## Goal of the exercise
The lines needed run from the one that contains "Muslin silk saree" through the end of the material below, both included; write them out exactly, with no pictures.

## Data section
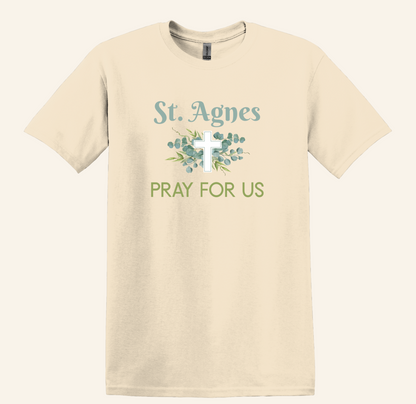 St. Agnes Pray For Us Graphic Tee, Catholic Faith Apparel, Unisex Fit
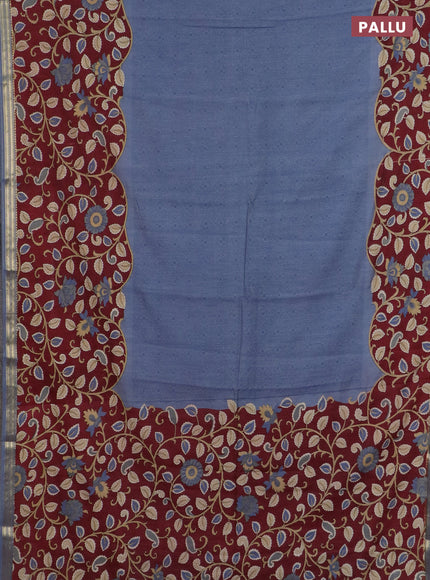 Muslin silk saree bluish grey and maroon with prints and long kalamkari printed zari border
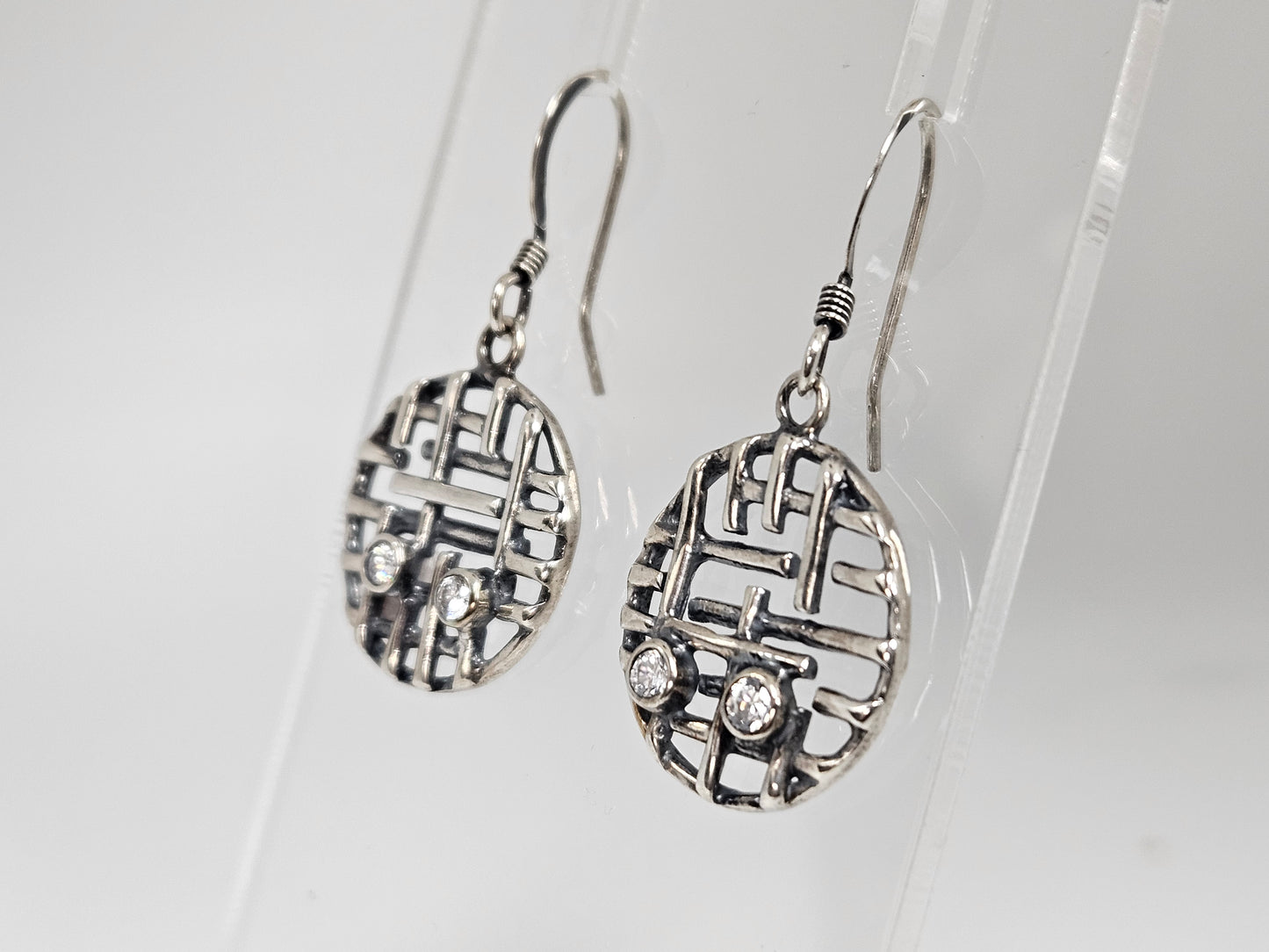 SS CZ CIRCLE DANGLES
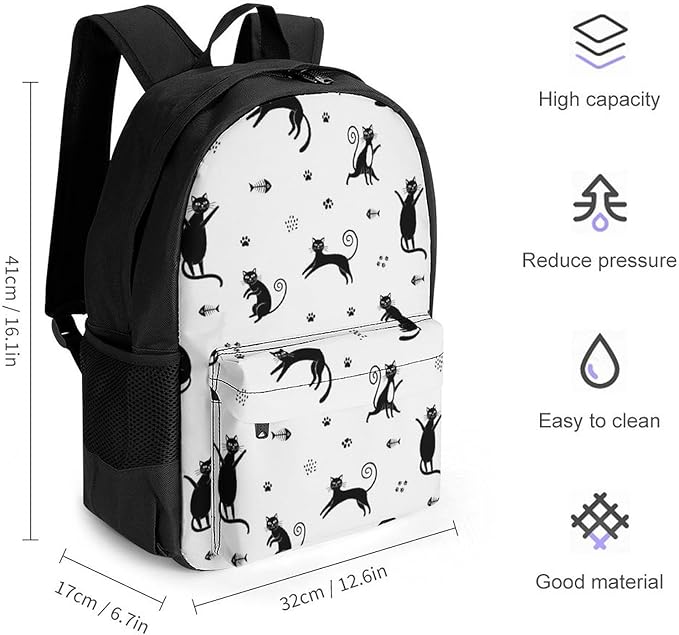 Supdreamc Men Women Lightweight Funny Black Cats Art Backpack Large Capacity Bookbag With Smooth Zippers for Gym Business Running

## Reply
 Muslin silk saree bluish grey and maroon with prints and long kalamkari printed zari border
 SS CZ CIRCLE DANGLES
 Supdreamc Men Women Lightweight Funny Black Cats Art Backpack Large Capacity Bookbag With Smooth Zippers for Gym Business Running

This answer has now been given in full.